Wish I’d thought of it. . .

I wish I’d thought to do this when I registered my car!

The evening rush hour today in the ‘suburbs’ of Philadelphia was an 8 (on a scale of 10).  Between the frigid temperatures, which created random puddles of ice on which cars were slipping, and the suicidal deer (four of them jumped in front of my car in the span of 13 miles), the drivers on my commute home were short-tempered and generally nasty. 

Including the man behind the wheel of an industrial-sized pickup truck, who tailgated me for 8 miles, attempting to keep less than 3 inches of space between our bumpers.  We finally caught a red light, and when we’d stopped (without the truck hitting my car), I glanced at the license plate on the car in front of me.  I’m not joking, the plate read:

“U R 2 C L O Z”

I want that plate.  Wonder if I could buy it from the owner?

 

Resolutions for 2012

Everyone is making (and posting) their New Year’s Resolutions for 2012.  After reading a number of friends’ blogs, it seems my immediate goals are no different than those listed by 95% of the population:

1.  Get a new job (and get my career on track).

2.  Get back in shape.

Easier said than done, when the economy is moving so slow that a tortoise could beat it to the finish line and my current position involves working massive amounts of overtime.  But as I said yesterday, Everything Is Possible.

Since I don’t have the time to make it to a gym on a regular basis, I spent several hours checking out books and websites to create an exercise program I can do in my home.  Fortunately, I like walking, even in the cold, and have plenty of parks in which to wander.  And I now have yoga programs and a series of preps and stretches to do daily. 

As for the job, I spent the remainder of the day revising my resume and setting up accounts on various sites, including LinkedIn and Monster.  The actual listing will be a task for tomorrow.  But after compiling my accomplishments, and revising the list of my responsibilities (because quite a few have been added in the last two+ years), I realize that I have options for my search.  Not just legal, but tax, regulatory compliance, intellectual property, contracts and HR.  I do a LOT at my company. 

I have some decisions to make on possible career tracks, but at least now I have a clearer picture of what I’d like to do.  And where.  But that’s a post for tomorrow. 

 

 

Welcome to 2012!

Welcome to my blog!

I’m Michele — perpetually-curious and interested in everything.  Lately though, I’ve found myself feeling — bored.  Stale.  A tad unhappy. 

The year 2012 has been hyped in the media as a year of tremendous change for humankind.   And so, having decided that I wanted to change things in my life, I’ve restarted this blog to chronicle my 2012 journey.  

Over the next 365 days, I intend to test drive some new interests, visit places I’ve been meaning to see and possibly move to a new job, or city, or even a new country.  I’ll be reviving some old dreams, like publishing a book and making jewellry. 

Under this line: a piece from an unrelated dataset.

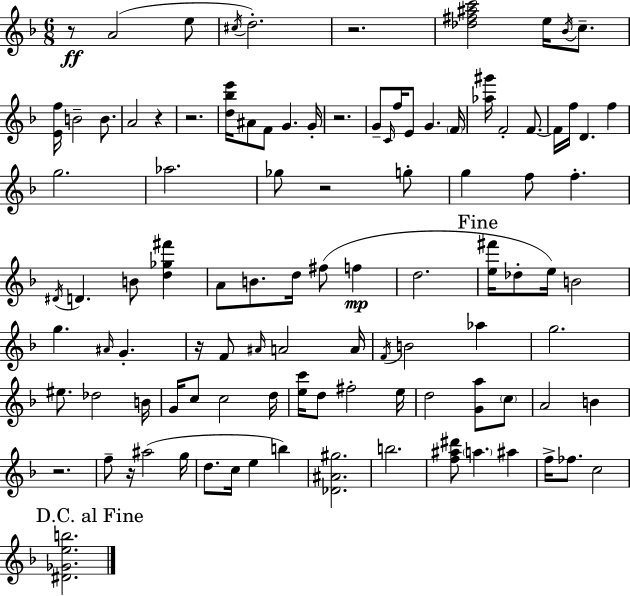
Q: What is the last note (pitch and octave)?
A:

The only rule for me this year is that I will not, absolutely not, rule out anything.  After all, you can’t know if you’ll like, or can do, something unless you try it.  It was true when my mother coaxed me into eating my vegetables as a child, and it’s still try today.

In this year, Everything Is Possible

Right now, ‘m a business and tax lawyer in the Philadelphia are — but who knows where and what I’ll be tomorrow!